First off, all of you breeders/sellers should be made to work in the “back” of an animal shelter for just one day. Maybe if you saw the life drain from a few sad, lost, confused eyes, you would change your mind about breeding and selling to people you don’t even know.
That puppy or kitten you just sold or gave away will most likely end up in my shelter when it’s not a cute little plaything anymore. So how would you feel if you knew that there’s about a 90% chance that your dog or cat will never walk alive out of the shelter it has been dumped in? Purebred or not! About 50% of all the dogs that are “owner surrenders” or “strays” that come into my shelter are purebred.
The most common excuses I hear are; “We are moving and we can’t take our dog (or cat).” Really? Where are you moving to that doesn’t allow pets? Did you really not enquire beforehand?
They say “The dog got bigger than we thought it would”. How big did you think a German shepherd would get?
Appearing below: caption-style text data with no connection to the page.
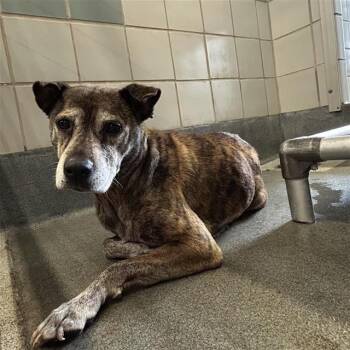 ERLINE -  Terrier Dog for Adoption in San Antonio, Texas - ERLINE | PetCurious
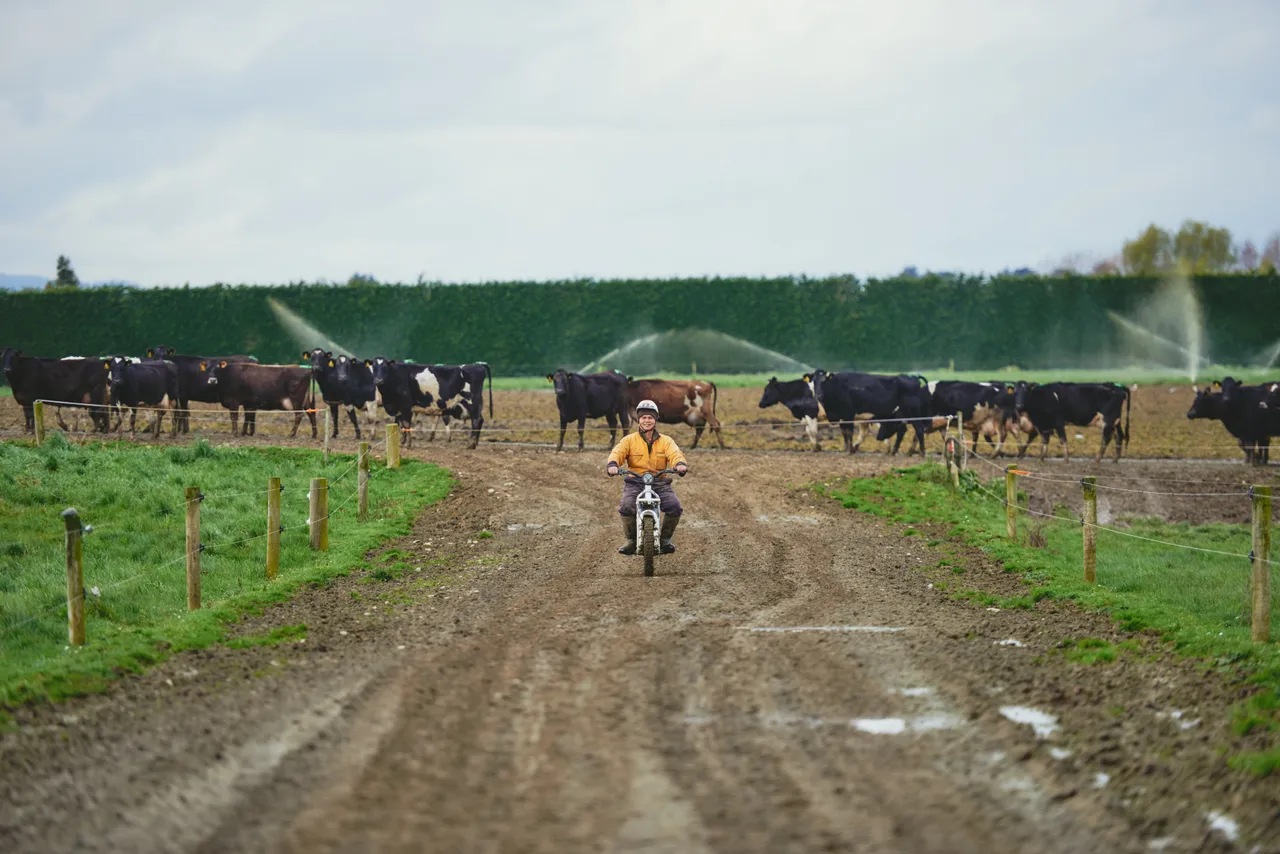 Dairy Farm - Southland, New Zealand - Credit Sebastian Katzlese (7)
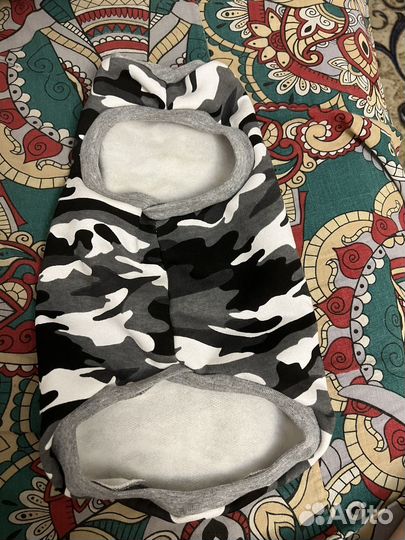 Одежда для кошки или собаки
“We don’t have time for her”. Really? I work a 10-12 hour day and still have time for my 6 dogs!
“She’s tearing up our garden”. How about making her a part of your family?
They always tell me “We just don’t want to have to stress about finding a place for her. We know she’ll get adopted, she’s a good dog”. Don’t kid yourself. Face reality : you have just signed her death warrant. Live with that !!
Odds are your pet won’t get adopted and how stressful do you think being in a shelter is? Well, let me tell you, your pet has 72 hours to find a new family from the moment you drop it off. Sometimes a little longer if the shelter isn’t full and your dog manages to stay completely healthy. If it sniffles, it dies.
Your pet will be confined to a small run/kennel in a room with about 25 other barking or crying animals. It will have to relieve itself where it eats and sleeps. It will be depressed and it will cry constantly for the family that abandoned it. If your pet is lucky, I will have enough volunteers in that day to take him/her for a walk. If I don’t, your pet won’t get any attention besides having a bowl of food slid under the kennel door and the waste sprayed out of its pen with a high-powered hose. If your dog is big, black or any of the “Bully” breeds (Pit Bull, Rottweiler, Bull Mastiff, Bull Terrier etc) it was pretty much dead when you walked it through the front door. Those dogs just don’t get adopted. It doesn’t matter how ‘sweet’ or ‘well behaved’ they are.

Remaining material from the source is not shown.